Records:
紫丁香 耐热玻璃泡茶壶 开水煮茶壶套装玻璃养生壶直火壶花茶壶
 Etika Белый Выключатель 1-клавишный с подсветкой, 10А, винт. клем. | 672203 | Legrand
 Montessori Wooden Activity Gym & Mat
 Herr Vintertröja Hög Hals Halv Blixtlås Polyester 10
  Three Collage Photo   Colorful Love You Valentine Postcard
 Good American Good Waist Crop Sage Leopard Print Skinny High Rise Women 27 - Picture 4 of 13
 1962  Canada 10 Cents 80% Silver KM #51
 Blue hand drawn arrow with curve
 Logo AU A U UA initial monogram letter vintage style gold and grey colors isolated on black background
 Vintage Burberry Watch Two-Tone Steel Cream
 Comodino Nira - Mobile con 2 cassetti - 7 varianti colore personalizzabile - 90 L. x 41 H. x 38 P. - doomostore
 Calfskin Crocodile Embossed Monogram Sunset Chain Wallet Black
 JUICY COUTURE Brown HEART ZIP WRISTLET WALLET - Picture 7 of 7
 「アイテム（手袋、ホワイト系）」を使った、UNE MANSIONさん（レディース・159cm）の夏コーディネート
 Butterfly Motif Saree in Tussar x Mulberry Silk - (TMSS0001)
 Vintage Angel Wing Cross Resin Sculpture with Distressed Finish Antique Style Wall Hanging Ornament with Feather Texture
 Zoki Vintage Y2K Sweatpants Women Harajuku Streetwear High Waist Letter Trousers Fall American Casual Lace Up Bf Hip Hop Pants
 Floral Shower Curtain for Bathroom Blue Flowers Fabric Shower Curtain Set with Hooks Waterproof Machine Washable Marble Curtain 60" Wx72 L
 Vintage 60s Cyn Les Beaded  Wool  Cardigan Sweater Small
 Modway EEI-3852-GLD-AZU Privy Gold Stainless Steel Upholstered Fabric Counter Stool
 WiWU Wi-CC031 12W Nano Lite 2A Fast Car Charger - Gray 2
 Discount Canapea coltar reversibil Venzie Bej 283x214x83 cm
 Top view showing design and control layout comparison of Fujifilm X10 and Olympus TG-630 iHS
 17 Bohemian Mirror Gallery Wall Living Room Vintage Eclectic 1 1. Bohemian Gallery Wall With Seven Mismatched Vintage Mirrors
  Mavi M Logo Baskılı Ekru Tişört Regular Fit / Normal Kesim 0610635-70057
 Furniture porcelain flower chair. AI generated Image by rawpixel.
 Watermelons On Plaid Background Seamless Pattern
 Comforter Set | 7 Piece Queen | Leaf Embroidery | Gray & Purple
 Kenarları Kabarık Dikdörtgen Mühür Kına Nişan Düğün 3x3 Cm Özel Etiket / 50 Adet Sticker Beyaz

Problem statement:
Throughout the data above, copy all lines where the word "Gray" is found.

Output of the task:
 WiWU Wi-CC031 12W Nano Lite 2A Fast Car Charger - Gray 2
 Comforter Set | 7 Piece Queen | Leaf Embroidery | Gray & Purple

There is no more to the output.